Exercise instructions >>
Starting at the line that holds "Thứ trưởng Đặng", quote every line through the end of the records, both boundary lines included. Omit the pictures.

Task material >>

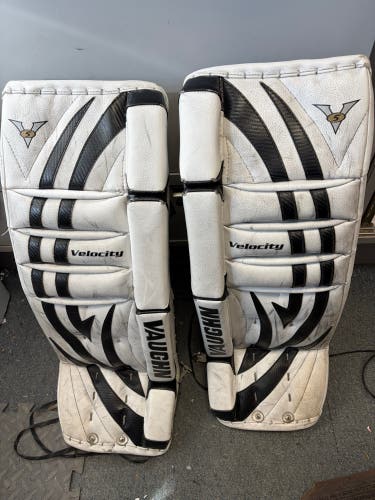 28" Vaughn Velocity V5 Goalie Leg Pads (Used)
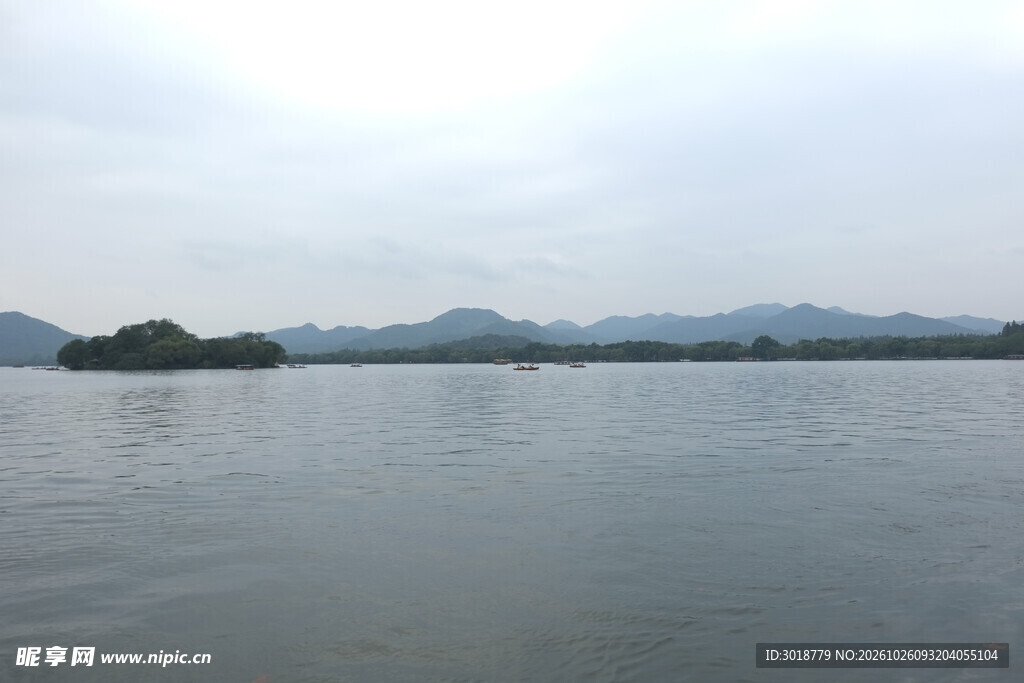 阴天湖景远山风光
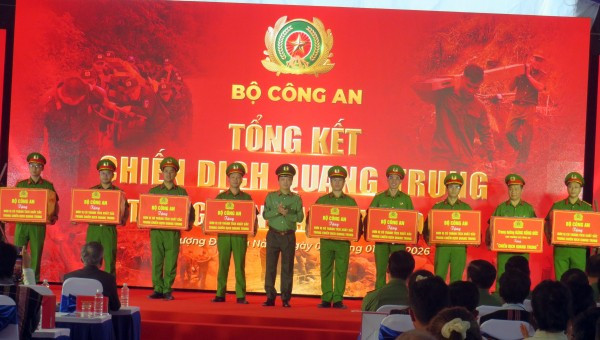 Thứ trưởng Đặng Hồng Đức trao quà của Bộ Công an tặng các đơn vị có thành tích xuất sắc trong triển khai "Chiến dịch Quang Trung".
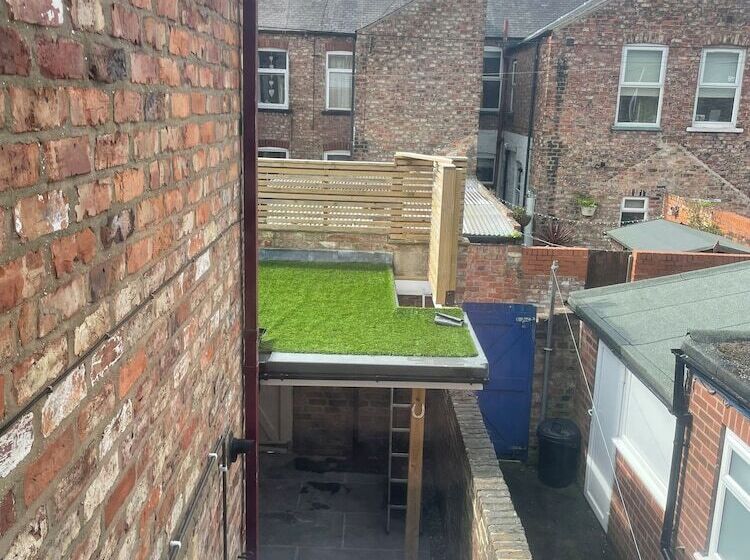 إقامة Impeccable 3 Bed House In York
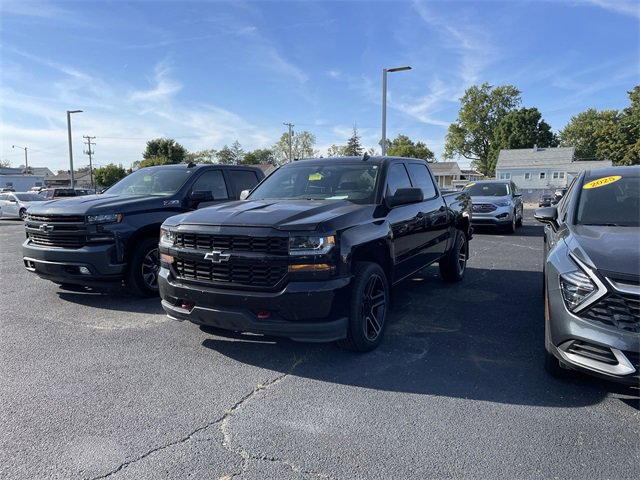 2018 Chevrolet Silverado 1500 Custom photo 2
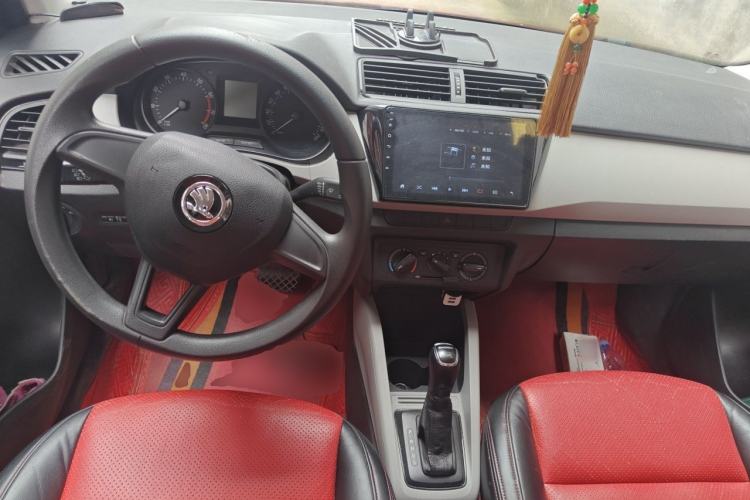 Used Skoda Fabia 2015 1.4L Automatic Front-Drive Model Center Console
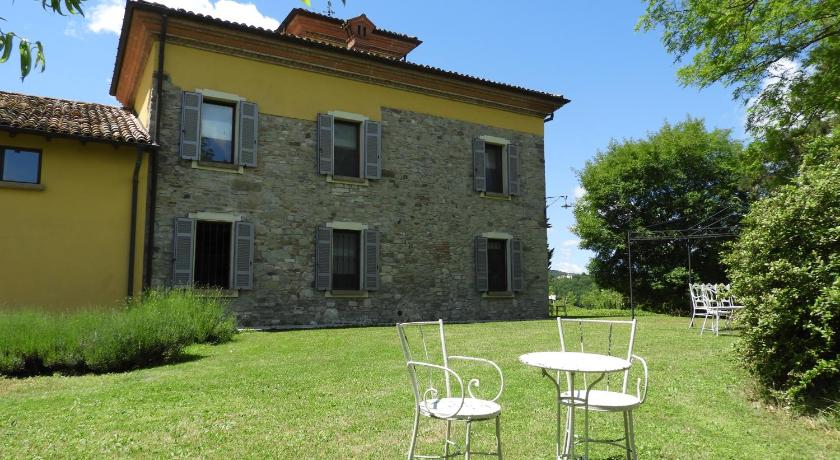 Pietra Corva - Monticello Apartments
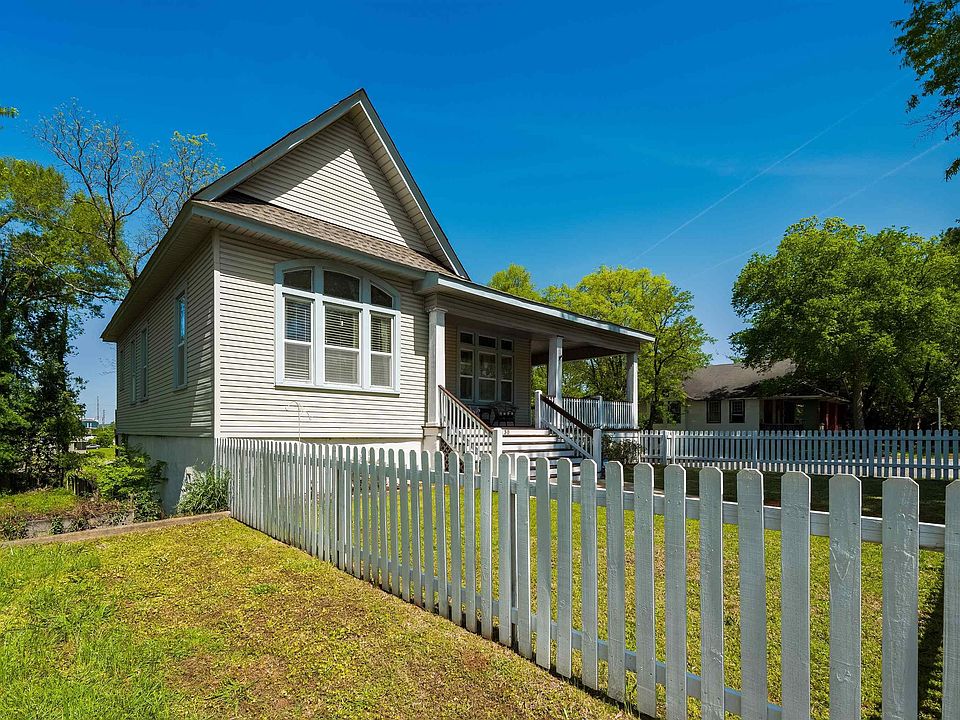 2130 Clarendon Ave, Bessemer, AL 35020 Zillow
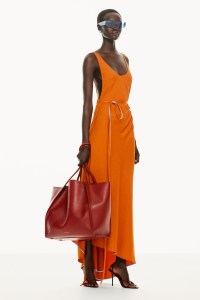 Victoria Beckham Pre-Fall 2025 Collection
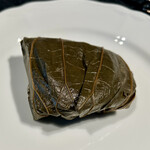 故宮 - 五目入り餅米の蓮の葉包み蒸し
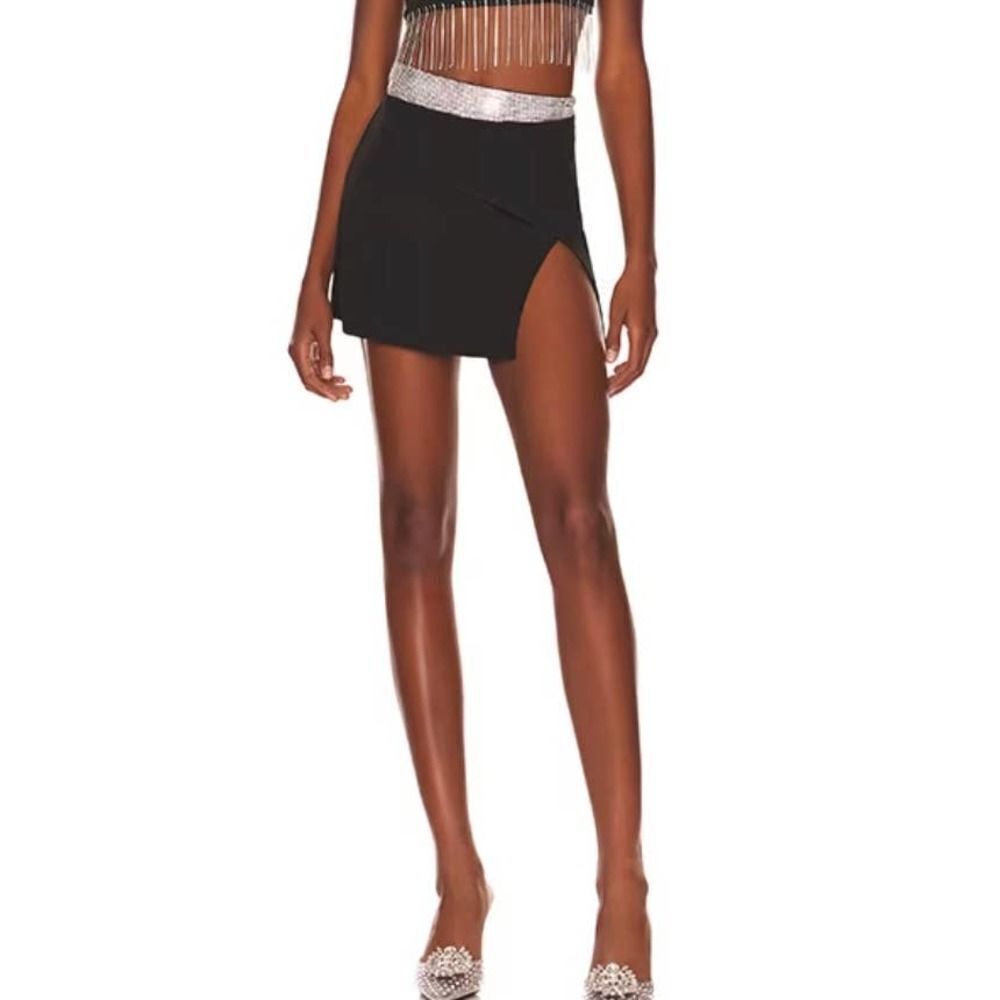 Superdown Women’s Ryan Studded Y2K Mini Skirt in Black Sz S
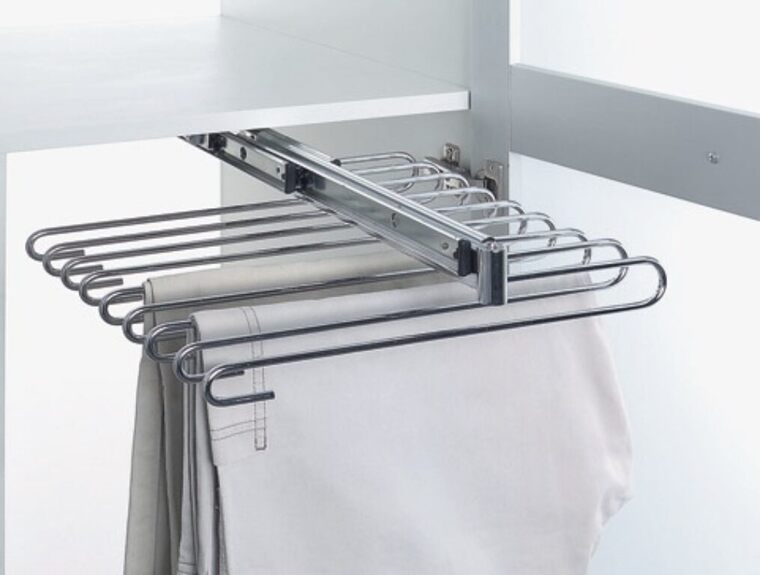 Výsuvný věšák na kalhoty chrom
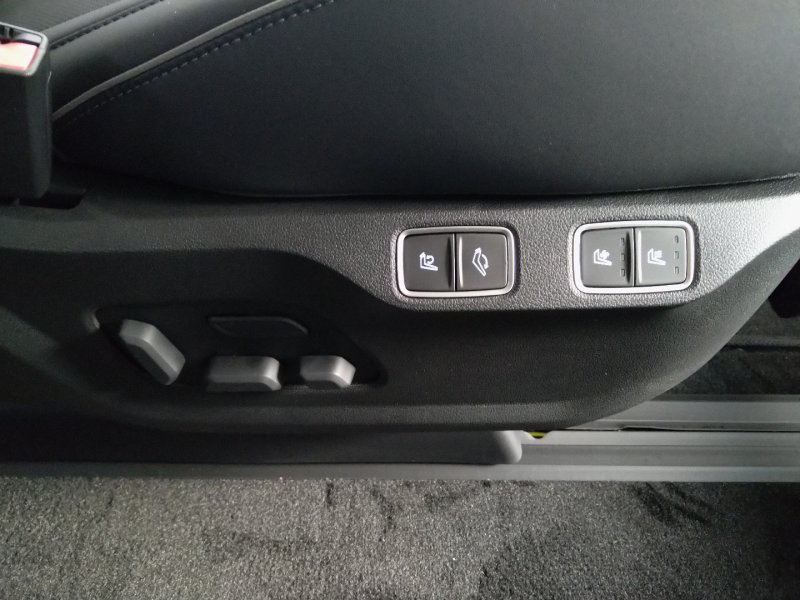 STARIA Bus HEV Prestige Line 1.6 T-GDi HEV - 24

Your response >>
 Thứ trưởng Đặng Hồng Đức trao quà của Bộ Công an tặng các đơn vị có thành tích xuất sắc trong triển khai "Chiến dịch Quang Trung".
 إقامة Impeccable 3 Bed House In York
 2018 Chevrolet Silverado 1500 Custom photo 2
 Used Skoda Fabia 2015 1.4L Automatic Front-Drive Model Center Console
 Pietra Corva - Monticello Apartments
 2130 Clarendon Ave, Bessemer, AL 35020 Zillow
 Victoria Beckham Pre-Fall 2025 Collection
 故宮 - 五目入り餅米の蓮の葉包み蒸し
 Superdown Women’s Ryan Studded Y2K Mini Skirt in Black Sz S
 Výsuvný věšák na kalhoty chrom
 STARIA Bus HEV Prestige Line 1.6 T-GDi HEV - 24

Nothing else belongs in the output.